'Dices' or 'Dice': What is the Correct Plural Word?

By Shanea Patterson, updated on October 21, 2022

Have you been wondering if the plural form of the word ‘die’ is 'dices' or 'dice'? It can be a bit tricky to remember when you realize it doesn’t follow the standard English rules of pluralization.

The plural form of the word ‘die’ is ‘dice.’ ‘Dices’ is incorrect.

What’s the Right Way to Pluralize ‘Die’

Before we dive into how to make the word ‘die’ plural, let’s first define it.

Defining the Word ‘Die’

There are several Merriam-Webster definitions of ‘die,’ the first being: “to pass from physical life.”

Another is: “to pass out of existence.”

It can also mean: “To be overwhelmed by emotion.”

But in this case, it means: “a small cube marked on each face with from one to six spots and used usually in pairs in various games and in gambling by being shaken and thrown to come to rest at random on a flat surface – often used figuratively in expressions concerning chance or the irrevocability of a course of action.”

Can You Ever Use ‘Dices’ to Pluralize ‘Die’

It’s never correct to use ‘dices’ to pluralize the word ‘dice,’ as you learned above.

The correct way to pluralize the word ‘die’ is ‘dice.’

Using ‘Dice’ in a Sentence

Since you know what the words ‘die’ and ‘dice’ mean, we can move on to using it in a sentence.

Here are some examples of how to use the singular form of the word:

  • What happened to the other die in my board game? (one ‘die’)?
  • What happened to my dice? (two 'dice')

Here are some examples of how to use the plural form of the word:

  • Roll the dice and see what happens (two or more ‘die’).
  • We had at least three dice in this box.

Standard Rules of Noun Pluralization

It might seem confusing to use ‘dice’ as the plural form of the word ‘die’ because it doesn’t follow the standard rules for pluralizing nouns in the English language.

The standard rule for nouns is to add ‘s’ or ‘es’ when making the plural form of a word.
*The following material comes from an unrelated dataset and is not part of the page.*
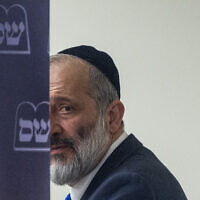 Head of the Shas party Aryeh Deri, leads a faction meeting, at the Knesset, the Israeli parliament in Jerusalem, on February 13, 2023. (Yonatan Sindel/Flash90)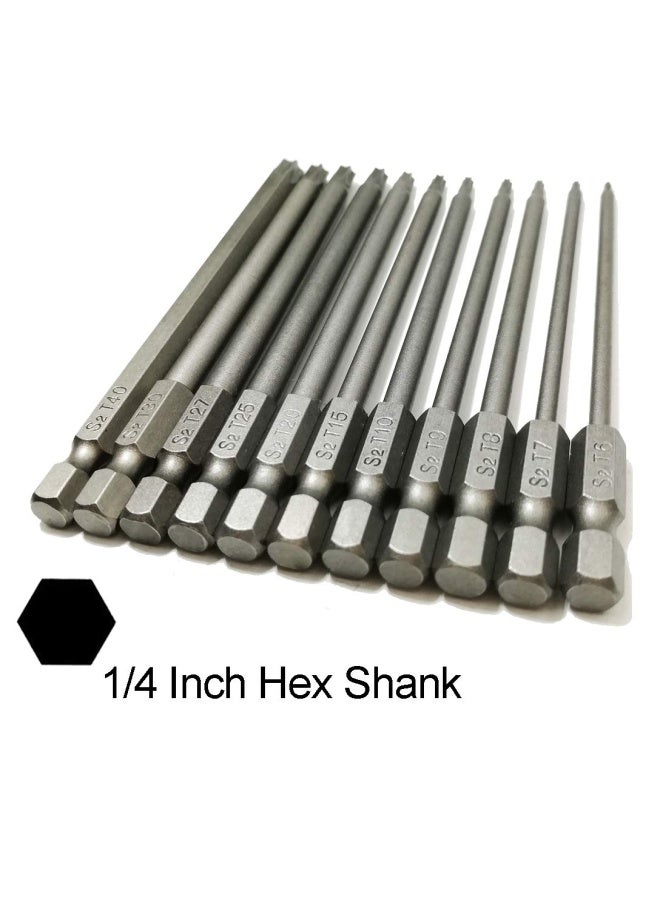 Ydlqwcz  Long Torx Security Head Screwdriver Drill Set 1 4 Inch Hex Shank T6 T7 T8 T9 T10 T15 T20 T25 T27 T30 T40 11 Pieces 4 Inch Length S2 Steel Torx Screwdriver Bit Set 11pcs Torx Head 100mm  - Image 3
You add ‘es’ when the singular noun ends in the letters ‘s,’ ‘ss,’ ‘ch,’ ‘x,’ or ‘z.’

For example:

  • Friend > Friends
  • Flower > Flowers
  • Tux > Tuxes
  • Touch > Touches

Words That Follow Non-Traditional Pluralization Rules

Some words change in pretty random ways, such as the following words:

  • Wolf > Wolves
  • Wife > Wives
  • Knife > Knives
  • Life > Lives
  • Mouse > Mice
  • Goose > Geese
  • Foot > Feet
  • Leaf > Leaves

Terms or Phrases Using ‘Die’ or ‘Dice’

There are some idioms that use the word ‘die’ or ‘dice.’ Some examples include:

  • No dice! (no luck, no chance)
  • No matter how the dice fall (regardless of how a situation unfolds)
  • Roll the dice (an especially risky action undertaken to achieve a favorable but unlikely outcome)

‘Die’ Is and ‘Dice’ Are  

When making the plural form of the word ‘die,’ remember to make sure your subject agrees with your verb.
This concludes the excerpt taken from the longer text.